Protect your boost converter
Boost converters are non-isolated DC-DC converters that step up voltage. In some applications, users expect protection against reverse polarity, short circuits, and other anomalous conditions. The basic PWM boost topology is shown in Figure 1.
Figure 1 Basic boost-converter topology
Boost converters are particularly susceptible to output shorts as there is a DC path from input to output. Usually a fuse, resettable or non-resettable, protects the system, but it is not always accurate or fast enough.
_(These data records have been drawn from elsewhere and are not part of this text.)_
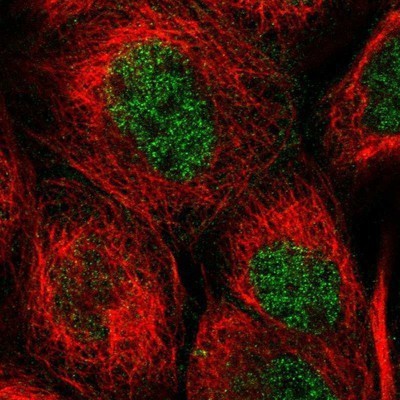 Immunocytochemistry/Immunofluorescence: WIPI2 Antibody [NBP1-88880] - Staining of human cell line A-431 shows positivity in nucleus but not nucleoli.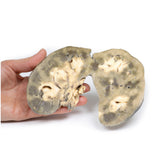 Horseshoe Kidney | EZ-MP2092 | Sim & Skills Ltd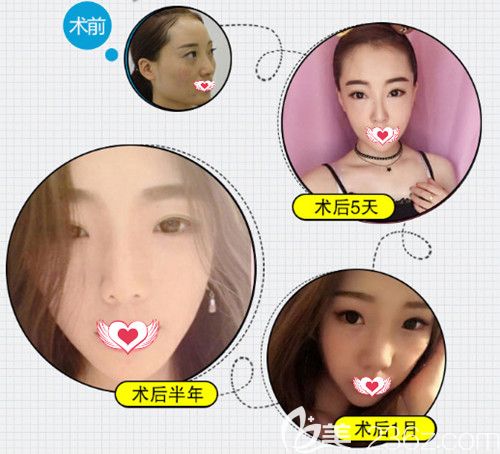 石家庄天宏整形医院注射瘦脸除皱瘦脸案例 石家庄天宏整形医院注射瘦脸除皱瘦脸案例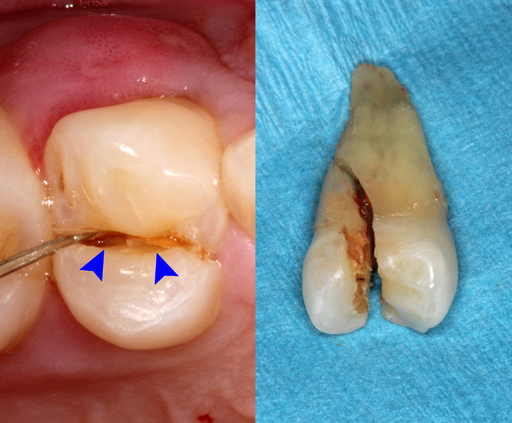 Cracked Tooth Restoration → Dentistry for Cracked and Split Teeth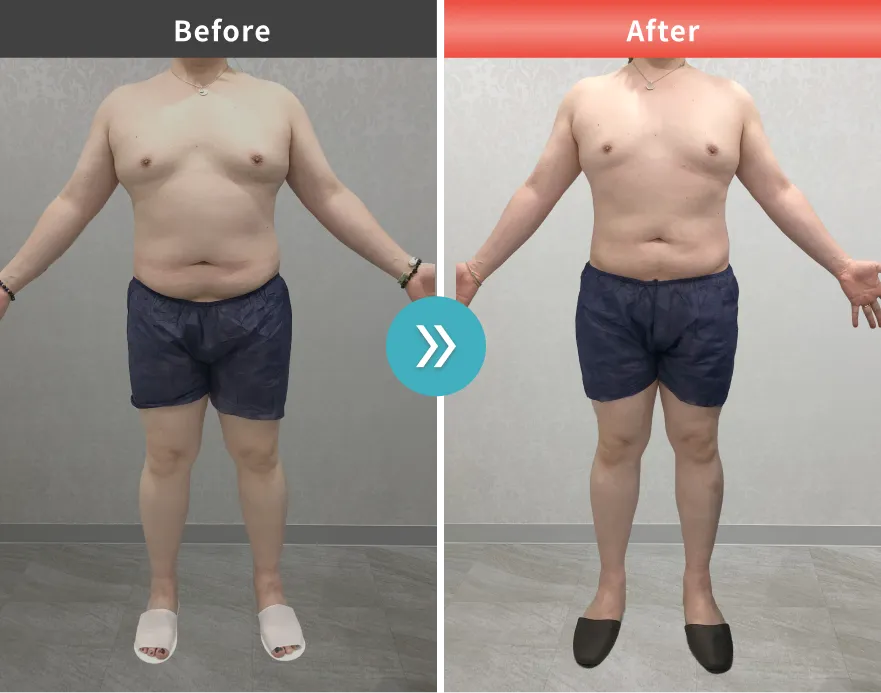 医療痩身・医療ダイエットの症例No.00157｜93.6kg→87.1kg（40代男性・171cm）
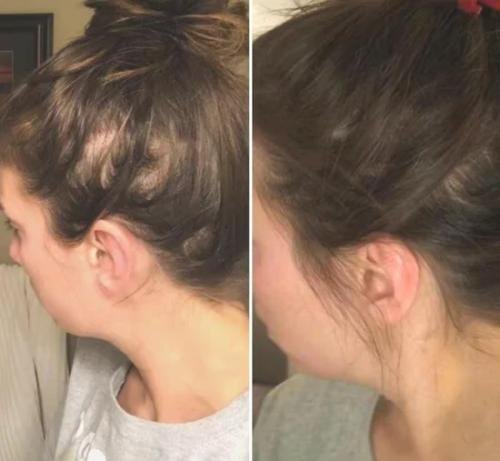 Cosmetific™ GlowHair Mini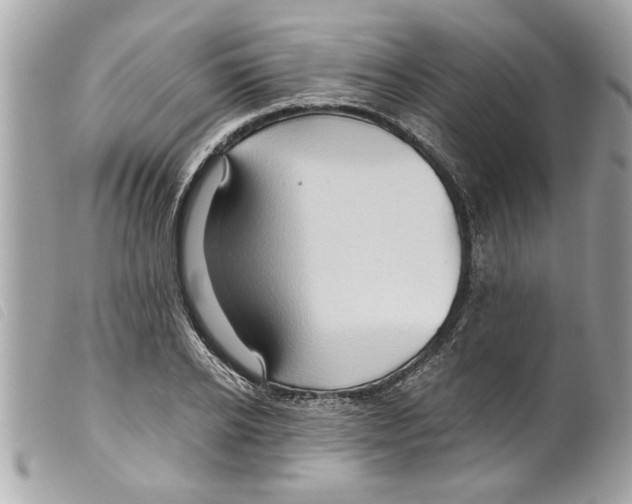 X0000099290934200805301108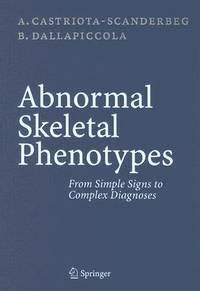 Abnormal Skeletal Phenotypes From Simple Signs to Complex Diagnoses 1st Edition PDF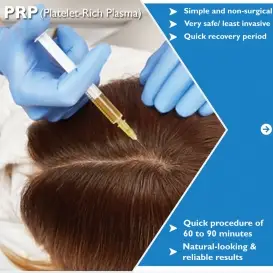 PRP Treatment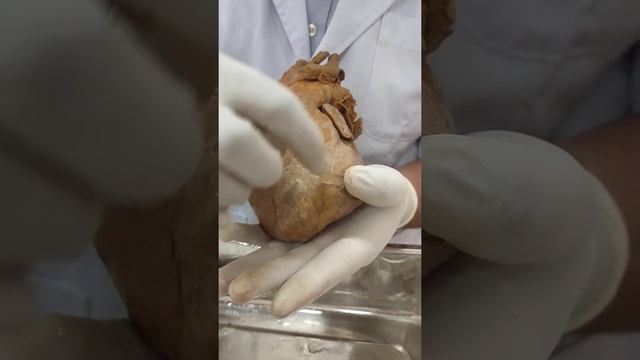 Exterior of the Heart(Raw version) смотреть онлайн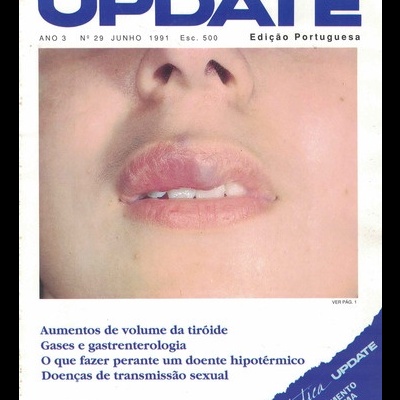 Update - Ano 3 - N.º 29 - Junho de 1991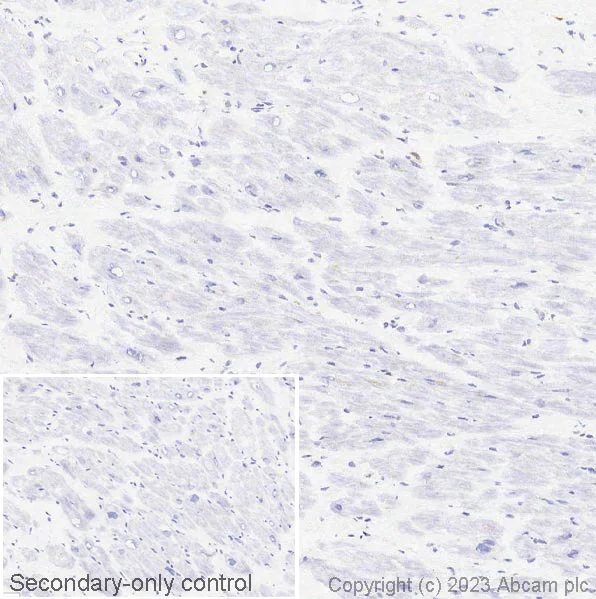 Immunohistochemistry (Frozen sections) - Anti-CD74 antibody [EPR4064] (AB108393)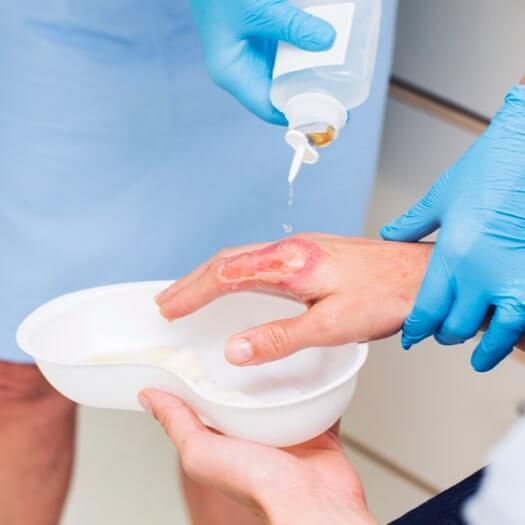 Wound Care Biologics Market 2022 Size & Forecast Report to 2028
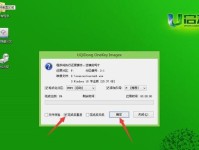 Wind10系统安装教程（详细教你如何在电脑上安装Wind10系统）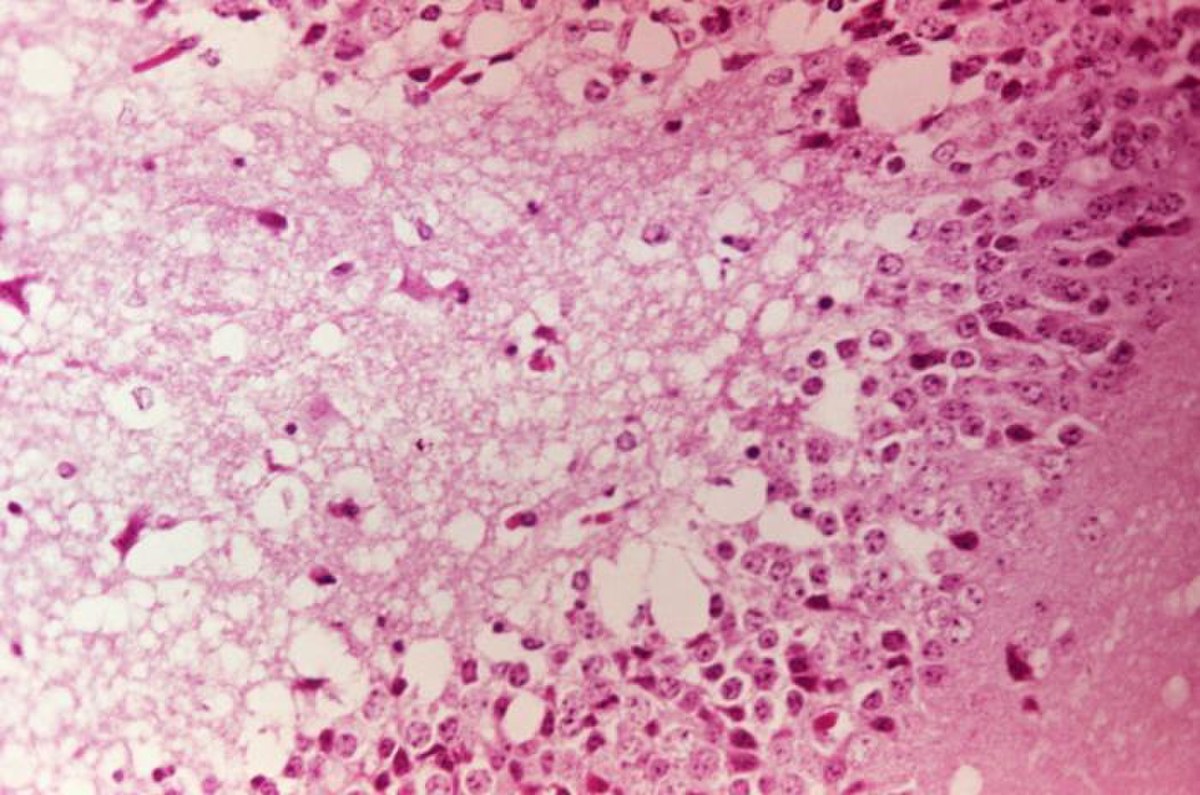 Virus de l'encéphalite équine vénézuelienne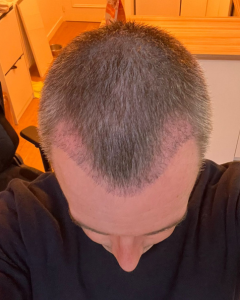 Julien 1 mois après sa greffe de cheveux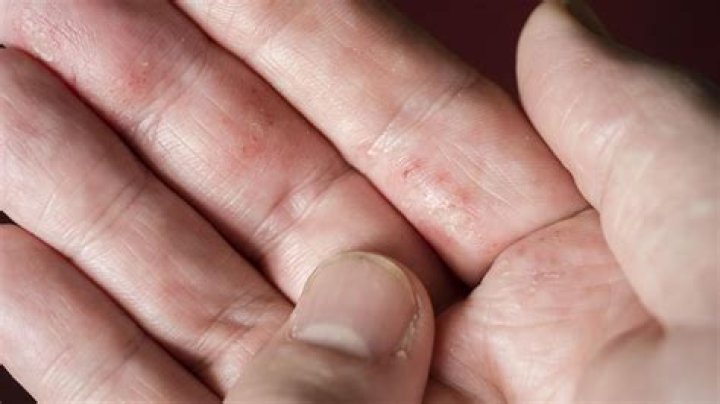 Can Epstein-Barr cause arthritis?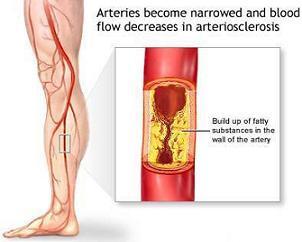Circulatory disorders Arteriosclerosishardening or thickening of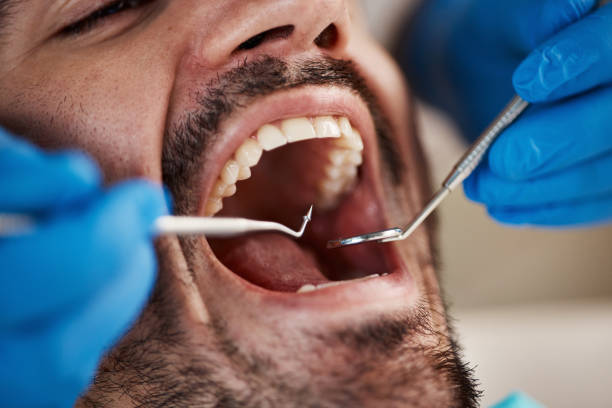 Best Emergency Dentist Near Me  in Kelly Ridge, CA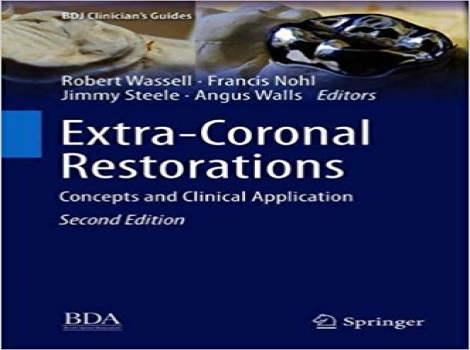 دانلود کتاب ترمیم های فوق کرونال – مفاهیم و کاربرد بالینی Extra-Coronal Restorations: Concepts and Clinical Application 2 ED 2019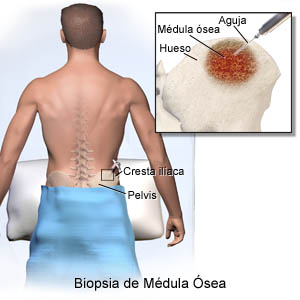 Bone Marrow Biopsy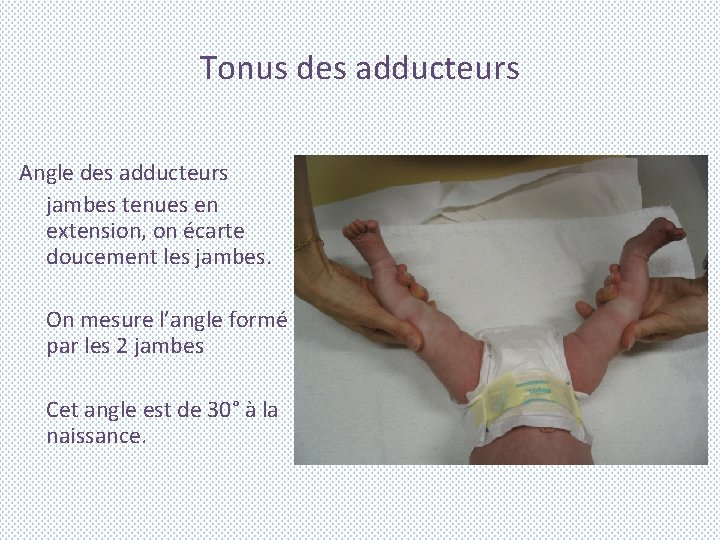 Tonus des adducteurs Angle des adducteurs jambes tenues en extension, on écarte doucement les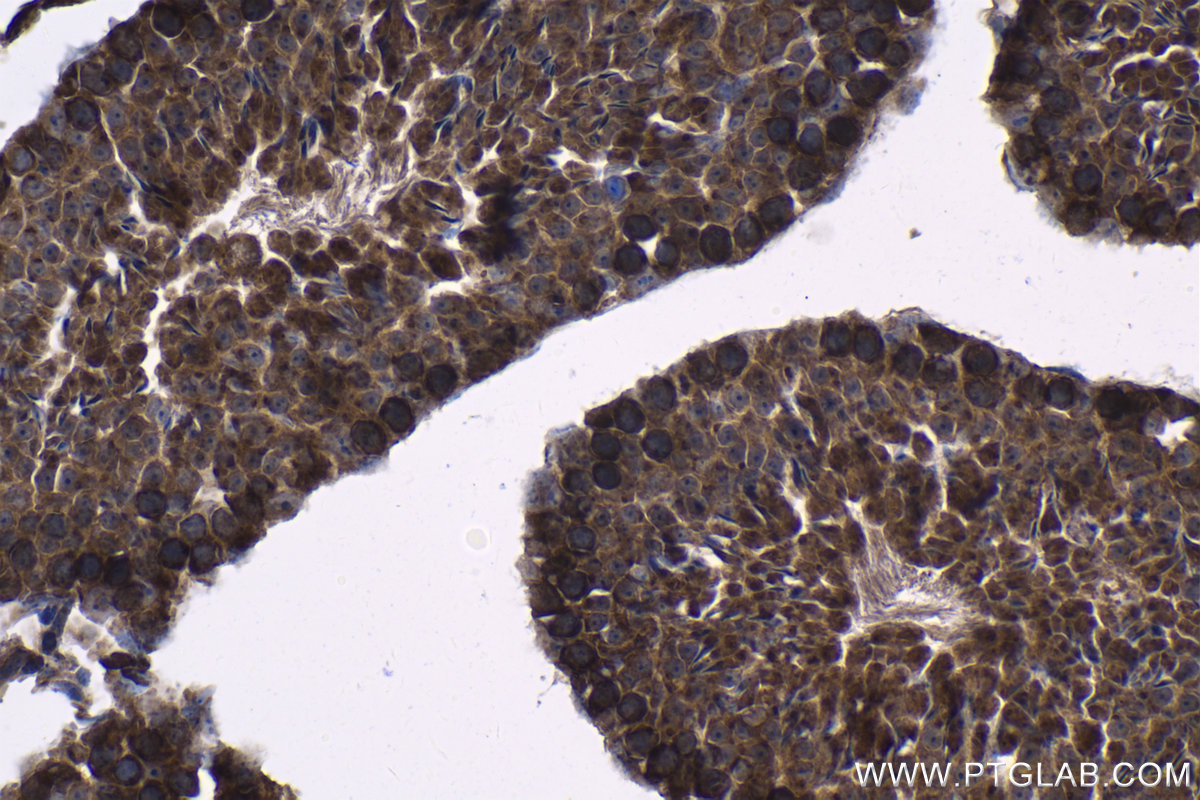Immunohistochemical analysis of paraffin-embedded mouse testis tissue slide using KHC1221 (SMC4 IHC Kit).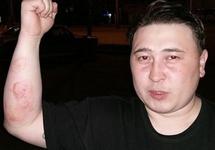 Томский активист Шульгин подвергся новым пыткам из-за попытки привлечь силовиков за прежние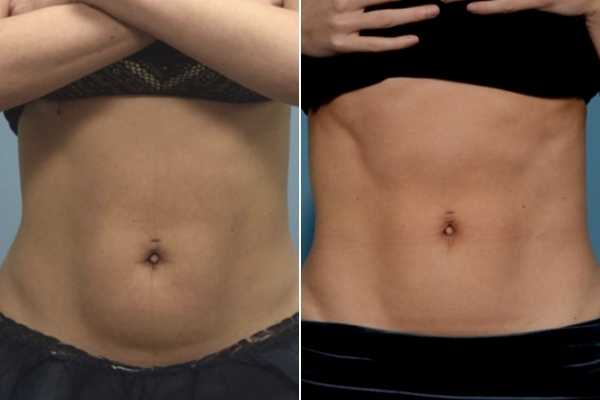 body sculpting FAQs Grimsby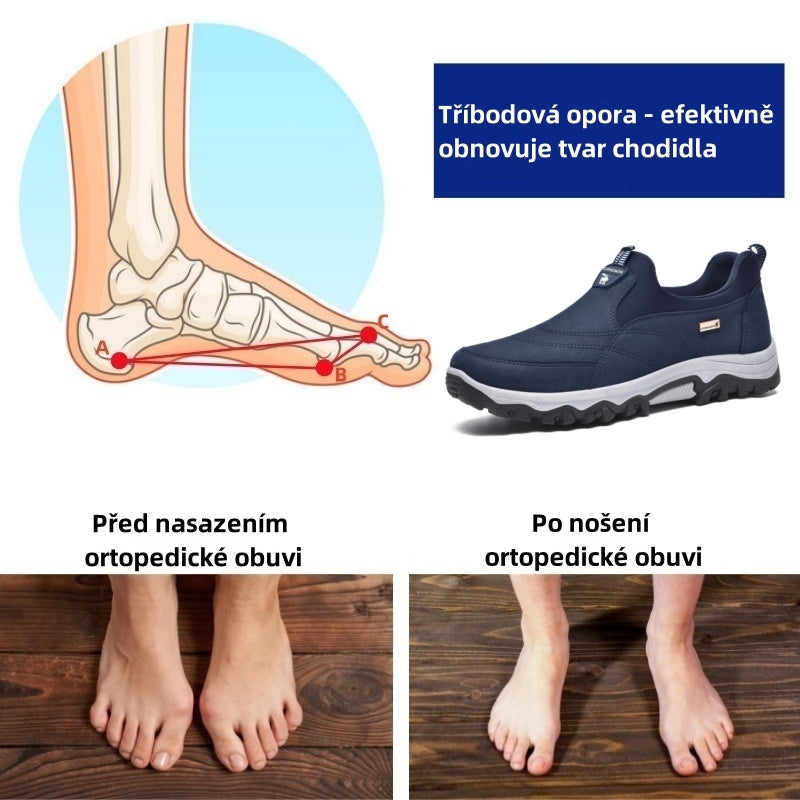 Poslední den! Sleva 70 %! ✅ Ortopedická zdravotní obuv určená speciálně pro lidi s problémy s nohama k úlevě od bolesti zad, kloubů a chodidel.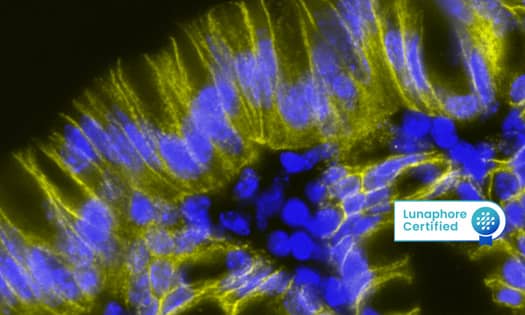 Detection of EPCAM in Mouse Colon Data Image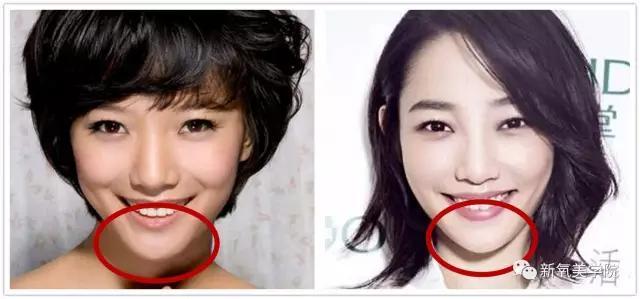 王珞丹和白百合好像:如何在长相上区分白百何和王珞丹？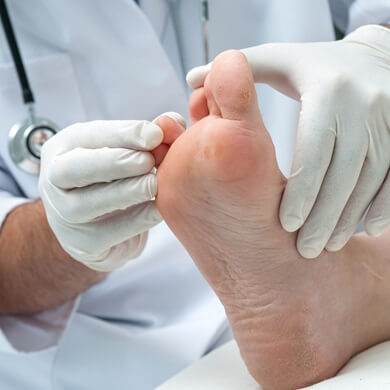 Athlete's Foot Symptoms & Diagnosis. Common causes and treatment of ringworm on foot Athlete's Foot Symptoms & Diagnosis. Common causes and treatment of ringworm on foot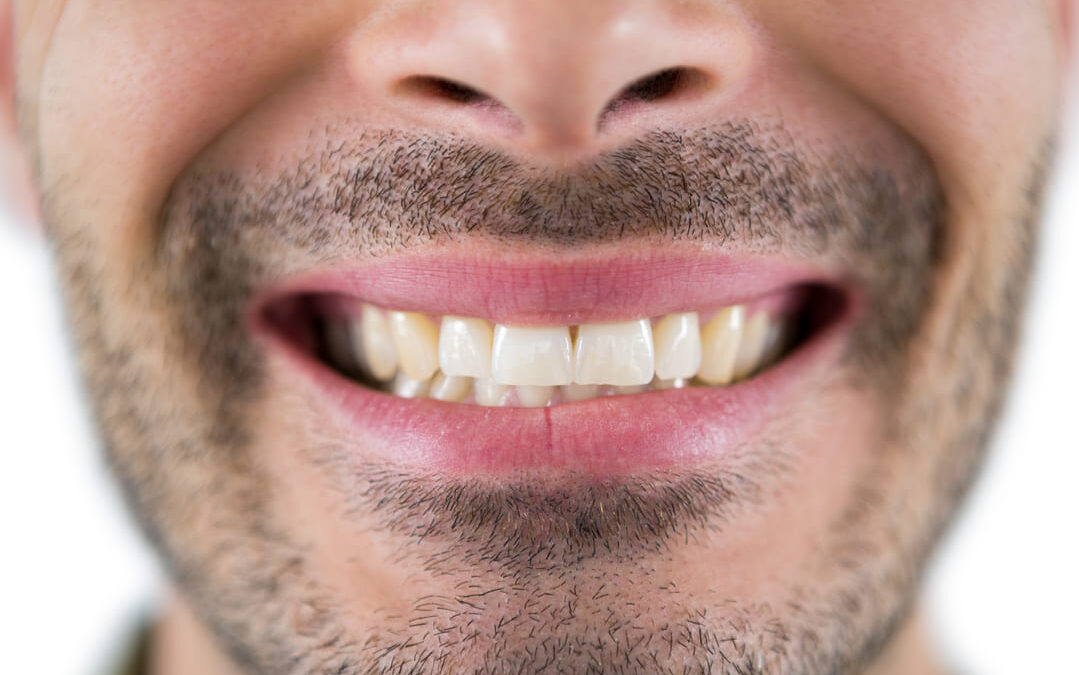 Manchas de tabaco en los dientes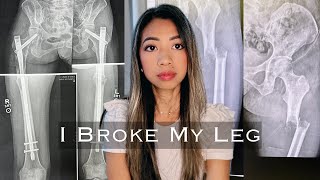 My 1 Year Recovery from Bilateral Femur Fixation Surgeries  Living with Stage 4 Cancer [upl. by Adnama]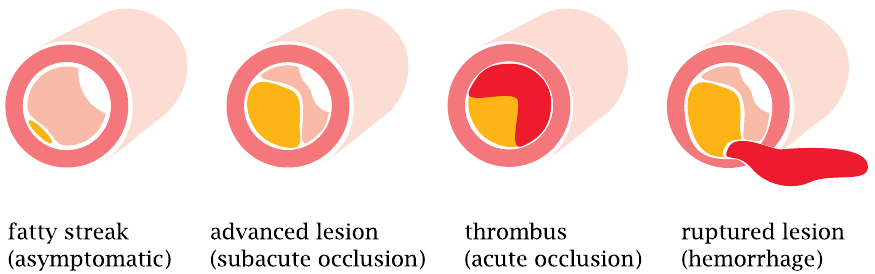 Sketch of atherosclerotic lesions, from fatty streak to parietal
                    thrombus and vessel rupture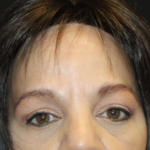 Brow Lift Before & After Patient #28713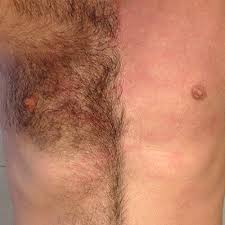 Causes of excessive body hair in males. Chest Hair Removal For Men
This Design Idea shows a way to safeguard a boost converter from short circuits and reverse polarity application.
Figure 2 A simple boost converter with added protection circuitry (inside the dashed line)
The added circuitry comprises opto-coupler IC1, N-channel MOSFETs T1 & T2, and a few passive components. When power is switched on, current flows through F1, L1, D1, IC1’s LED, C1, and the intrinsic diode of T1. C1’s momentary displacement current allows IC1 to turn on T1 & T2.
As soon as the boosted voltage appears at the LED of IC1, its current path through C1 is taken over by ZD1. T1 & T2 remain on as long as there is enough output voltage to breakdown ZD1. The Zener diode is chosen so during a short-circuit – or perhaps even over-current – condition, it will not break down. R3 discharges C1 when there is no source power.
In this design, the MOSFETs provide reverse-polarity protection for free, and with much less voltage drop than a simple diode.
—T.A. Babu is a design consultant and author with a strong interest in lighting who has worked in Dubai and India.